Fig. 8. Transferred Foxp3⁺Tregs reduce hypothalamic immune activation induced by the HFHS diet and improve metabolic indices.

a Representative FACS plots for CD45^intCD11b⁺ microglia and CD45^hiCD11b⁺ infiltrating macrophages in brains from C57Bl/6J mice fed the HFHS diet for 2 weeks with or without peripheral Foxp3GFP⁺Treg transfer (i.v.). b Box-and-whisker plots (min-to-max values with single data points), for the frequencies of infiltrating macrophages of mice. n = 8 biological replicates from two independent experiments. Two-tailed unpaired t test, P = 0.0053. c–e Identification of frequencies of CD80⁺ (P = 0.0256), CD86⁺ (P = 0.1207) and MHCII⁺ (P = 0.8314) cells in CD45^intCD11b⁺ microglia. Box-and-whisker plots (min-to-max values with single data points). n = 6 biological replicates from two independent experiments. Two-tailed unpaired t test. f Frequencies of brain-residing CD4⁺CD62L^lowT cells. n = 6 biological replicates per group from two independent experiments. Box-and-whisker plots (min-to-max values with single data points). Two-tailed unpaired t test, p(hypothalamus) = 0.0004; P(rest brain) <0.0001. g, h Representative FACS plots (g) for the identification of activated CD4⁺CD44^hiT cells in mice with or without i.v. Treg transfer. h Quantification of (g). n = 6 biological replicates per group from two independent experiments. Box-and-whisker plots (min-to-max values with single data points). Two-tailed unpaired t test, P(hypothalamus) = 0.0024; P(rest brain) <0.0001. i, j ipGTT of mice fed a HFHSD for 4 weeks (wild-type C57Bl6J, i) or 8 weeks (wild-type Balb/c, j) that received vehicle or i.v. Treg transfers every 2 weeks. N = 4–6 biological replicates per group. Mean ± SD. Two-tailed unpaired t test, P(4 weeks) = 0.0531; P(8 weeks) <0.0001. Source data are provided as a Source Data file. *P < 0.05; **P < 0.01; ***P < 0.001; ****P < 0.0001.

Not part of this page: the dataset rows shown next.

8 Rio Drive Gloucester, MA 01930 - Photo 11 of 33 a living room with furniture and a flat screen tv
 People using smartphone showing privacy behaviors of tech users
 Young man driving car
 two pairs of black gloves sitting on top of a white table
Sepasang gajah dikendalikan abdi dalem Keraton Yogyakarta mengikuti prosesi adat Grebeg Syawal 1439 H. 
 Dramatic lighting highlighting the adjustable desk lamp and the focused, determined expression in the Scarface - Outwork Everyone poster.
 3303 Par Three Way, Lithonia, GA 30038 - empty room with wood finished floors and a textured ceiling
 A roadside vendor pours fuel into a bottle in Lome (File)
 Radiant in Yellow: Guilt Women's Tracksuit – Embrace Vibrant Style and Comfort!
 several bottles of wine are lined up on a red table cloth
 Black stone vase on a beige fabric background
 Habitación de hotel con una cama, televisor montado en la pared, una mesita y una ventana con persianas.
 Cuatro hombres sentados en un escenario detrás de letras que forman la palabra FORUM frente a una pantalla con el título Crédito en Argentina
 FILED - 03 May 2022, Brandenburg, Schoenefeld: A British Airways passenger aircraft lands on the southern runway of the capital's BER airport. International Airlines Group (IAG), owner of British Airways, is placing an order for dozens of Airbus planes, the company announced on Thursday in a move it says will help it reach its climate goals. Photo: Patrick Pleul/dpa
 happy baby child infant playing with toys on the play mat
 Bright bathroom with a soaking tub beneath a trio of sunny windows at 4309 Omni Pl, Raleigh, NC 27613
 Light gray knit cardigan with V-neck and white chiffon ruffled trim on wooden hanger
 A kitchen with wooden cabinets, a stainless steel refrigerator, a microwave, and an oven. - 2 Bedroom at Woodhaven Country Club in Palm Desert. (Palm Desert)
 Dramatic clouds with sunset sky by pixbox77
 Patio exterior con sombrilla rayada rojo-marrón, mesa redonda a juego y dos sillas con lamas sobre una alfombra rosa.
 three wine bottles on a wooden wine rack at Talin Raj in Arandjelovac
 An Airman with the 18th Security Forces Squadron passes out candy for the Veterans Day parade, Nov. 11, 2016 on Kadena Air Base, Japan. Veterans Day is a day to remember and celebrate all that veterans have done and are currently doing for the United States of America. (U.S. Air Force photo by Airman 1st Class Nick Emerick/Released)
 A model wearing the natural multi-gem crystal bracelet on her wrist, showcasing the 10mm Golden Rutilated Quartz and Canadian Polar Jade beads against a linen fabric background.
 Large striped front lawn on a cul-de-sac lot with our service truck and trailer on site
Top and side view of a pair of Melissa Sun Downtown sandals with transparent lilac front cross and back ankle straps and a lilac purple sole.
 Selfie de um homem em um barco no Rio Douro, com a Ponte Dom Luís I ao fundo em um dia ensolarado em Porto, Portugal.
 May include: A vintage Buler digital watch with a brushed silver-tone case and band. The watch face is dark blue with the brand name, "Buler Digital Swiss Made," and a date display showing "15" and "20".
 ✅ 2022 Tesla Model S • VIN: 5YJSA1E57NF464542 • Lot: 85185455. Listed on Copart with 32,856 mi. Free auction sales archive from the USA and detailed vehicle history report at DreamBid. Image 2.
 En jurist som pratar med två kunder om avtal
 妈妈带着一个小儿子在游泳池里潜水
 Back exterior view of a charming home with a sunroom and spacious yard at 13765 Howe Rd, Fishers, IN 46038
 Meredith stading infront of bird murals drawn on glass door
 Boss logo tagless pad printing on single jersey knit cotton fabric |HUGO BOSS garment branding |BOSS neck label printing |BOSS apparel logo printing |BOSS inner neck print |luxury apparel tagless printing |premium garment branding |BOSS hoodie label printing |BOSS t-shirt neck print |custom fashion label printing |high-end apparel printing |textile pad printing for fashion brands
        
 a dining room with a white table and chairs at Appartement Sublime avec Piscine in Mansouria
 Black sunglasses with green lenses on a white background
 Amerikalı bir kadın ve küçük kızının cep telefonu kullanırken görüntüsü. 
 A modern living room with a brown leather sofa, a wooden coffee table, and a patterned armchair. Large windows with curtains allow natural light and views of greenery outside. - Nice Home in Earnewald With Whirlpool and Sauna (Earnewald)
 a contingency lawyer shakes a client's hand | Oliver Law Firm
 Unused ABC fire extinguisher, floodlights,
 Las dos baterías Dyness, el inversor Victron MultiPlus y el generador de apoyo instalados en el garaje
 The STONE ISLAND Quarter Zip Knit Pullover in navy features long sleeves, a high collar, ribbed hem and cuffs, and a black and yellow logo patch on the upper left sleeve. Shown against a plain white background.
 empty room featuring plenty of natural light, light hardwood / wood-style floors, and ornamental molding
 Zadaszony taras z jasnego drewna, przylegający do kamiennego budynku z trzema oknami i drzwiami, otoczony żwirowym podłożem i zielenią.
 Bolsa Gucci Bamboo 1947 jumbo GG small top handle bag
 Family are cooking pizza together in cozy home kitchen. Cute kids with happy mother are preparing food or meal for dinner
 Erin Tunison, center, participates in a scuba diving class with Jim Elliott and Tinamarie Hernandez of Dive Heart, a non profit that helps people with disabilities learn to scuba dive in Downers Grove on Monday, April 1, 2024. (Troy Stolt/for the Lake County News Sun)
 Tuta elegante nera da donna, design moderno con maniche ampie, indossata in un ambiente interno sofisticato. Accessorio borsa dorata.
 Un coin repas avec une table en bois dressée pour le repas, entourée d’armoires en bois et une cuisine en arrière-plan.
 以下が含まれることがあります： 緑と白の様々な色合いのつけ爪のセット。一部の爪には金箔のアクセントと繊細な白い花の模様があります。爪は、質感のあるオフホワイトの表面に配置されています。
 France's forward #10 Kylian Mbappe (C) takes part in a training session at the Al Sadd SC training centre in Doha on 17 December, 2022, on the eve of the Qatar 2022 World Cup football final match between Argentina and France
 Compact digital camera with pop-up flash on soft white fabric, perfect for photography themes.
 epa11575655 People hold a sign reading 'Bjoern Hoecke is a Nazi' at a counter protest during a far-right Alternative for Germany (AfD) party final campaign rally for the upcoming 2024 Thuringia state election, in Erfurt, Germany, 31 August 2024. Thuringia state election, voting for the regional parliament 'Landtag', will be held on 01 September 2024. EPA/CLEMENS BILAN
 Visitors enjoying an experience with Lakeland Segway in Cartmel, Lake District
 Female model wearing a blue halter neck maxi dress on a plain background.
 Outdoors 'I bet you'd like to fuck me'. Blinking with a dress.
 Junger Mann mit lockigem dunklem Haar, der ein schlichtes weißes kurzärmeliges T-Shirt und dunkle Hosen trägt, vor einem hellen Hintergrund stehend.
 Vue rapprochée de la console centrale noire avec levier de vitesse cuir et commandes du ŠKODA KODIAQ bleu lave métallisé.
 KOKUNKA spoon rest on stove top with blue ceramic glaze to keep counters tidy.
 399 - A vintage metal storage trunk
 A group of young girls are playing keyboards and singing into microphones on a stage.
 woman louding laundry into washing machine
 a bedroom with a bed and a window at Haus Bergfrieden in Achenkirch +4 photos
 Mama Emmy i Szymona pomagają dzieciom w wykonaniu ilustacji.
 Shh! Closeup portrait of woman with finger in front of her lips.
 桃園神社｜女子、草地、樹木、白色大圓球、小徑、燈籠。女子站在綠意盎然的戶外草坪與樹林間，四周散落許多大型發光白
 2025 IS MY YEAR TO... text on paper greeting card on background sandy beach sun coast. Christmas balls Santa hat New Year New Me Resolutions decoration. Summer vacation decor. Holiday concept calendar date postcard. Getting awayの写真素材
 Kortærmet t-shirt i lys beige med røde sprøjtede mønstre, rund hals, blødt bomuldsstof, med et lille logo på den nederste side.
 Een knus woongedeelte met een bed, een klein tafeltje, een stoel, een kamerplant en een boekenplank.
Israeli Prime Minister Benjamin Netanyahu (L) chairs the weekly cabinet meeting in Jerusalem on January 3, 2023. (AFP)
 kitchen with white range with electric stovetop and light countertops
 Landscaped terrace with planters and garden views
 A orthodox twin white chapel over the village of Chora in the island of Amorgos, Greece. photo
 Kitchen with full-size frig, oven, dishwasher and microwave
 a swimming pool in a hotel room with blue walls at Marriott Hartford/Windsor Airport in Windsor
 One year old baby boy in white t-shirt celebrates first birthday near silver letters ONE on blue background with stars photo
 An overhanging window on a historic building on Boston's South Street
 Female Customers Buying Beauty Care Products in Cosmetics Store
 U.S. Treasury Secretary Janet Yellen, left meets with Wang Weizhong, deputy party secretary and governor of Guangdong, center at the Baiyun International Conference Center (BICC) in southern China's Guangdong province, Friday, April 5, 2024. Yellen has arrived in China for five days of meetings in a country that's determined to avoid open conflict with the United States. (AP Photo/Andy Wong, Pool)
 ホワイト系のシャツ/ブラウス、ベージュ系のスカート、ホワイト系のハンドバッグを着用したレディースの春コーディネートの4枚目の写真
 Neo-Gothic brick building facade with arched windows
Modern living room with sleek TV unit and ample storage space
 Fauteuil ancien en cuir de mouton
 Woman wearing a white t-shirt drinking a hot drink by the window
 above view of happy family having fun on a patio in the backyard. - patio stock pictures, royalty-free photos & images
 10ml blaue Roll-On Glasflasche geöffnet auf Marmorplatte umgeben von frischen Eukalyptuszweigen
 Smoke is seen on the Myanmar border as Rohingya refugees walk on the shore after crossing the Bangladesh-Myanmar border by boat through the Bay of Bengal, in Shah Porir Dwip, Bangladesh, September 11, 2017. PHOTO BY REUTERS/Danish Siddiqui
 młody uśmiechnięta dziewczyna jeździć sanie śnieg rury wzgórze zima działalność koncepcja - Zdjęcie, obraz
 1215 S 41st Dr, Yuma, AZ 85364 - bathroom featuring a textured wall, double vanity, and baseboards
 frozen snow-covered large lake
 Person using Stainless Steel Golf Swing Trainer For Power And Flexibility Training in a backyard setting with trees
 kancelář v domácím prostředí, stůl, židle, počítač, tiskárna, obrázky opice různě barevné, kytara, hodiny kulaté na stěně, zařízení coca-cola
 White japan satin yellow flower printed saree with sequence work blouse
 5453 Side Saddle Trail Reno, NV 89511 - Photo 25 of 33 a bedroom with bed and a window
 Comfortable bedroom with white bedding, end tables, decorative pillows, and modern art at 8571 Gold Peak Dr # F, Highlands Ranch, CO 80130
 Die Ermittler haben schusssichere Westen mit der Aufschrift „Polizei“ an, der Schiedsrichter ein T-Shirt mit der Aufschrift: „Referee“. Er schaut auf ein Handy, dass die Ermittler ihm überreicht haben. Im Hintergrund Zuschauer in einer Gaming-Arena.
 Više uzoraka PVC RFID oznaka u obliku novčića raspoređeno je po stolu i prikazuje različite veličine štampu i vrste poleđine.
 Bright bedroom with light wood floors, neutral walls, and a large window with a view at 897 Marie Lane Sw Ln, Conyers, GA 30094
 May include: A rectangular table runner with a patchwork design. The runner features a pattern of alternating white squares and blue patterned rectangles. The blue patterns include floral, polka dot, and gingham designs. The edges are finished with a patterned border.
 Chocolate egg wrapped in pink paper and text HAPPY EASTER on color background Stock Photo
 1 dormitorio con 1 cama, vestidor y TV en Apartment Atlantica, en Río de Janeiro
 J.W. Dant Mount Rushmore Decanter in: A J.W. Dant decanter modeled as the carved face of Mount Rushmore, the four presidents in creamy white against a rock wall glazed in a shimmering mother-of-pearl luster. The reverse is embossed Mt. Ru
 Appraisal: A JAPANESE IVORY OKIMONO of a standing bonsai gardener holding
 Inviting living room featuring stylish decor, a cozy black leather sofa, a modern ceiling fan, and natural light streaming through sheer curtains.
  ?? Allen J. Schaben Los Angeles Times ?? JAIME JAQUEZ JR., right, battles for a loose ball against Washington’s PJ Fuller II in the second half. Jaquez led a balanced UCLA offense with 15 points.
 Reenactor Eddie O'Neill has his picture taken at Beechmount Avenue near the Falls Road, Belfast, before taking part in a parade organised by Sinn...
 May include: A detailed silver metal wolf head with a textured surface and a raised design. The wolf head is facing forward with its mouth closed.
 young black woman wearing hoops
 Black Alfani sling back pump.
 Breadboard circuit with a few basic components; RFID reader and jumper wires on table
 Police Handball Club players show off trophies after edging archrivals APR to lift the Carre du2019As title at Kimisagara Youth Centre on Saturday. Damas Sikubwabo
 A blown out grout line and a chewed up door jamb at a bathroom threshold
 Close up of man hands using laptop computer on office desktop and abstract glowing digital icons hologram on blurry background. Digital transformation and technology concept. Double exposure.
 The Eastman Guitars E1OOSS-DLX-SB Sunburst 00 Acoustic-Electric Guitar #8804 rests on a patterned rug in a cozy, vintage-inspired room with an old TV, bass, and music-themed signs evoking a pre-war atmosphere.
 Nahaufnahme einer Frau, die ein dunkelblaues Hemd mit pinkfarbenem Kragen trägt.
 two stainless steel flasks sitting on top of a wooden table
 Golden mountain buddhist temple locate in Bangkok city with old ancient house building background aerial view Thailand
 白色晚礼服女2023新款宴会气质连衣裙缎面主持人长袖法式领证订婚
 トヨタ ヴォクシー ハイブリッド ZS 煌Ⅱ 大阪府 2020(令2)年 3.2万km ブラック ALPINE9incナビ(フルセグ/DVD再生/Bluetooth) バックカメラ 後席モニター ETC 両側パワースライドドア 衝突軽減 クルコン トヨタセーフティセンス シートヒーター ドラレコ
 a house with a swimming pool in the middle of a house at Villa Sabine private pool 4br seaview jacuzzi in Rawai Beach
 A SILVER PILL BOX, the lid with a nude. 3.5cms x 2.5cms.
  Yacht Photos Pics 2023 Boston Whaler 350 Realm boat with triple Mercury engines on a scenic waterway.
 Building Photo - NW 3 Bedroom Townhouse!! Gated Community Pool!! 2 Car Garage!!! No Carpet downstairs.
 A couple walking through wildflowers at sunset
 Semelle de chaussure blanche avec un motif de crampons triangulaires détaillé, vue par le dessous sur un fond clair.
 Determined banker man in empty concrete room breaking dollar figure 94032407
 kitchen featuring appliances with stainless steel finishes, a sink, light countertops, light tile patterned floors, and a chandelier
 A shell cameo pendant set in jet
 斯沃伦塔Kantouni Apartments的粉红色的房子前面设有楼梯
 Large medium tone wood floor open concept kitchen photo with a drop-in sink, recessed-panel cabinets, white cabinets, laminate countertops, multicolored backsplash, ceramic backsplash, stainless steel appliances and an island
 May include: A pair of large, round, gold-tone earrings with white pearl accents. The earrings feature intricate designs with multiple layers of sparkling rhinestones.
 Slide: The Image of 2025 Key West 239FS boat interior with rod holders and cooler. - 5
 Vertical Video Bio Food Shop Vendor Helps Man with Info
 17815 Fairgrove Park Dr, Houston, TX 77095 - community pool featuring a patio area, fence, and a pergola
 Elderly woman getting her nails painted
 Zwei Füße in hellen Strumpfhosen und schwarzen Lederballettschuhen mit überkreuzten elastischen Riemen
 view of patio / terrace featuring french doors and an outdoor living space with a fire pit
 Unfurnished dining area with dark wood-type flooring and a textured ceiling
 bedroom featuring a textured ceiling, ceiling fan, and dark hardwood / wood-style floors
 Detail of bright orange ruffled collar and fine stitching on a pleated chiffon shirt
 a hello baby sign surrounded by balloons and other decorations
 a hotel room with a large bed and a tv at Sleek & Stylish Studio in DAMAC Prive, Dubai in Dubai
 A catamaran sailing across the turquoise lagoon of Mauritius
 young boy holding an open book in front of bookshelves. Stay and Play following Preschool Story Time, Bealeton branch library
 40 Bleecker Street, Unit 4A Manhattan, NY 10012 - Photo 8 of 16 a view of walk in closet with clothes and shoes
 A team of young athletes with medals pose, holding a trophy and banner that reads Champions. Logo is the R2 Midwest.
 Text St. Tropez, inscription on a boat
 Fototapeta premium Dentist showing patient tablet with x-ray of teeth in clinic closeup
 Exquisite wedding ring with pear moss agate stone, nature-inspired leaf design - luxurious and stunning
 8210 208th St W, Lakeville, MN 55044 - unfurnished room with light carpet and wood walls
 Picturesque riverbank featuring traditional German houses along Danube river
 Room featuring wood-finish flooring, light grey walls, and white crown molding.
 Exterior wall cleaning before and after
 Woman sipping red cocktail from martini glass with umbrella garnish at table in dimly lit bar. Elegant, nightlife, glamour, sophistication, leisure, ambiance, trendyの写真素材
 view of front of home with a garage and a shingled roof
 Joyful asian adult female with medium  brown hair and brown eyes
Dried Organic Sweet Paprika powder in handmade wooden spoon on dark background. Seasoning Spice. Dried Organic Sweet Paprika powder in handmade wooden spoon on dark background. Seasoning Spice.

Fig. 9. Transferred Foxp3⁺Tregs reduce hypothalamic immune activation induced by the HFHS diet and improve metabolic indices.

a Localization of transferred CD4⁺CD25^highFoxp3GFP⁺ Tregs after i.c. injection analyzed by fluorescence microscopy. Cryosections were stained for astrocytes (GFAP, red), nuclei (DAPI, blue) and GFP (transferred GFP+ Tregs, green). Localization of the i.c. transfer was shown in three independent experiments. Scale bar is 50 µm or 20 µm as indicated. b Representative FACS plots for CD45^intCD11b⁺ microglia and CD45^hiCD11b⁺ macrophages in brains from Balb/c mice fed the HFHS diet for 2 weeks. Prior to exposure to the HFHS diet, animals received i.c. Treg or cellular control transfers. c–f Frequencies of CD45^hiCD11b⁺ macrophages (c, P = 0.0307) and expression CD80⁺ (P = 0.0037), CD86⁺ (P < 0.0001), MHCII⁺ (P = 0.0040) cells in CD45^intCD11b⁺ microglia (d–f). n = 6 biological replicates from two independent experiments. Box-and-whisker plots (min-to-max values with single data points). Two-tailed unpaired t test. g ipGTT of mice that received either i.c. control T cells or Tregs and were fed a HFHS diet for 2 weeks. Mean ± SD. n = 3 biological replicates per group. Two-tailed unpaired t test. Source data are provided as a Source Data file. P < 0.05; **P < 0.01; ***P < 0.001; ****P < 0.0001.